Can Your Business Run Itself?

Filed under: Entrepreneurship,Growth Management — Tags: , , — Mike Van Horn @ 10:34 am

I.e., can you ever take a vacation?

“If I leave, my business will fall apart!” Does this sound like you? Want to change that? Then ask yourself: What must happen so that you feel comfortable taking a three-week vacation—without your cell phone? “Three week vacation?” asks the owner of a busy store incredulously. “When I look at my floor managers, I fear taking a three-day weekend!”

What’s the #1 requirement for a stress-free vacation? You must have good people in place. The better your people, the longer you can safely be away. Some of us have “long weekend assistants”—that is, we can rely on them if we take off a Friday or Monday—and some of us have “world cruise assistants.” It’s a great feeling to return after a sojourn to Italy and find everything running smoothly. 

Do you say, “The business is me”? If so, then you can never leave. What do you handle in your business that no one else can? This is what limits the length of your absences. Start by listing the tasks and responsibilities that someone would have to handle in your absence. How frequently must these tasks be done? 

More prep = longer trips. How many high-level tasks can your people handle? The more lead-time you have, the more you can do to prepare them. Here are four levels: 

Level 1. Delegate tasks to those already capable of handling them. Takes a few days to do this, and allows you to be gone a few days. 

Level 2. Simplify tasks so that others can more easily do them.

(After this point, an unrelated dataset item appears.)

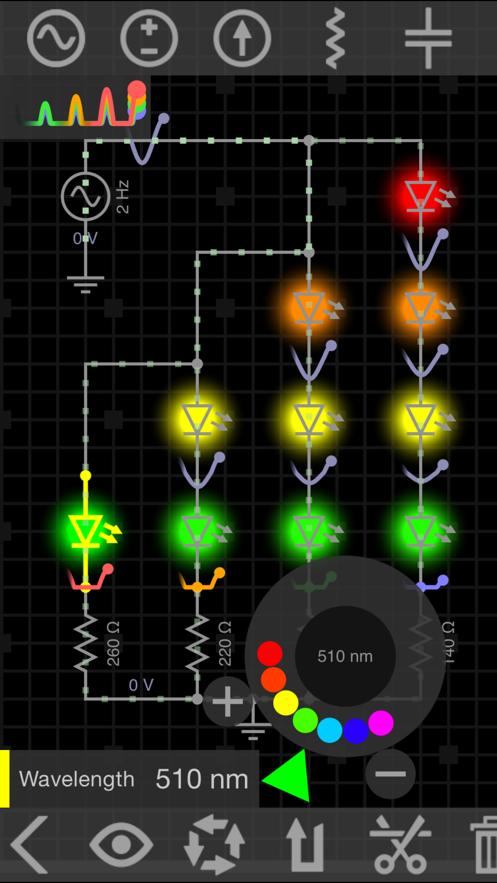 电路模拟器中文版app下载(EveryCircuit)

This process can take a few weeks. 

Level 3. Train your people to take on more. This may take a month or two. 

Level 4. Hire and groom the person who can run your business in your absence. May take six months to hire and train this person, but then you can be gone for an extended time. 

Perhaps you should start with a short trip. See how your people do when you are gone for a week, and work up to longer trips. Your people gain confidence, and you gain confidence in them. 

No cell phone on the beach. While you are gone, how often should you check in? Again, the more you trust your people to handle whatever comes up, the less you worry about this. DO NOT keep your cell phone with you 24/7. Instead, set specific times when you will check in with them. Be reachable in an emergency, but make sure they understand what constitutes an emergency. 

How did it go? 
When you finally go and then return, de-brief your people: How did they do? What went well? Where did problems arise? What should you do differently next time? Time after time owners report to me, “There were a few glitches, but things went amazingly well.”

“How to Have a Life” lessons for the busy business owner. 

1. Schedule your vacations far in advance. Put them on your calendar, buy the airline tickets, tell people you are going, and start making the work preparations.

2. Hire, train, and retain the best people—those who can free you up. Don’t let mediocre people keep you chained to the office. 
Do this even if you have only one part-timer.

3. This is about more than vacations. Running your business this way is the route to growth, profitability, and ease. 

The booby trap. You return, everything has gone well; your people have stepped up to the challenge and handled things better than you anticipated. But within a week or so, they fall back into the habit of relying on you more than they have to. 

Ah, yes! That’s the topic for another post.

Have a question about how your business can run well in your absence? Post it on my blog.

February 15, 2011

Tighten Up Your Growth Team

Filed under: Growth Management — Tags: , , , — Mike Van Horn @ 12:21 am

“I do what it takes, even if I must work 70 or 80 hours a week. Why don’t my managers do the same?” (Question from T on “Ask Mike.”)

mvh answer. It’s hard to find someone willing to work as hard as you are to grow your business. It’s not their baby. But maybe working long hours isn’t the key thing.

For you to expand your business, you must be able to entrust your current business to your top people. Your top managers must buy into your vision, hold to your values. They must understand the heart of your business. They must put their heart and talent into it, and be willing to go to the mat for it. When the stuff hits the fan, they must stay there till the fan gets cleaned up.

Their commitment may not equate to the number of hours they work. What really is the most important to you? Here’s what I think is most important:
— Work 110% when they are there. Be there when needed, especially the crunch times. Set days off and vacations around these.
— Excellence and competence in every action. They keep an eye out for the little details that need to be handled.
— Customer satisfaction is #1. And connecting with customers.
— Pay attention to the numbers and to the hours worked by the staff.

Your managers must exemplify these, and also ensure that their subordinates do so as well.

For this to work:
— You must have the right people in each job.
— They must be trained; you must tell them what you expect, and give them feedback and correction.
— You must have measurable performance standards, and they must be held accountable. You must hone your skills at managing managers.
— Their incentives must reward the most important things you want them to do.

If they don’t measure up, you must be willing to replace them.

However, sometimes you have a strong person who is in the wrong job. Could you redefine their job so they can excel? Assign the parts they don’t excel at to someone else.

But don’t let yourself be held back by their limitations. Insist on having people whose excellence will help you reach for the stars.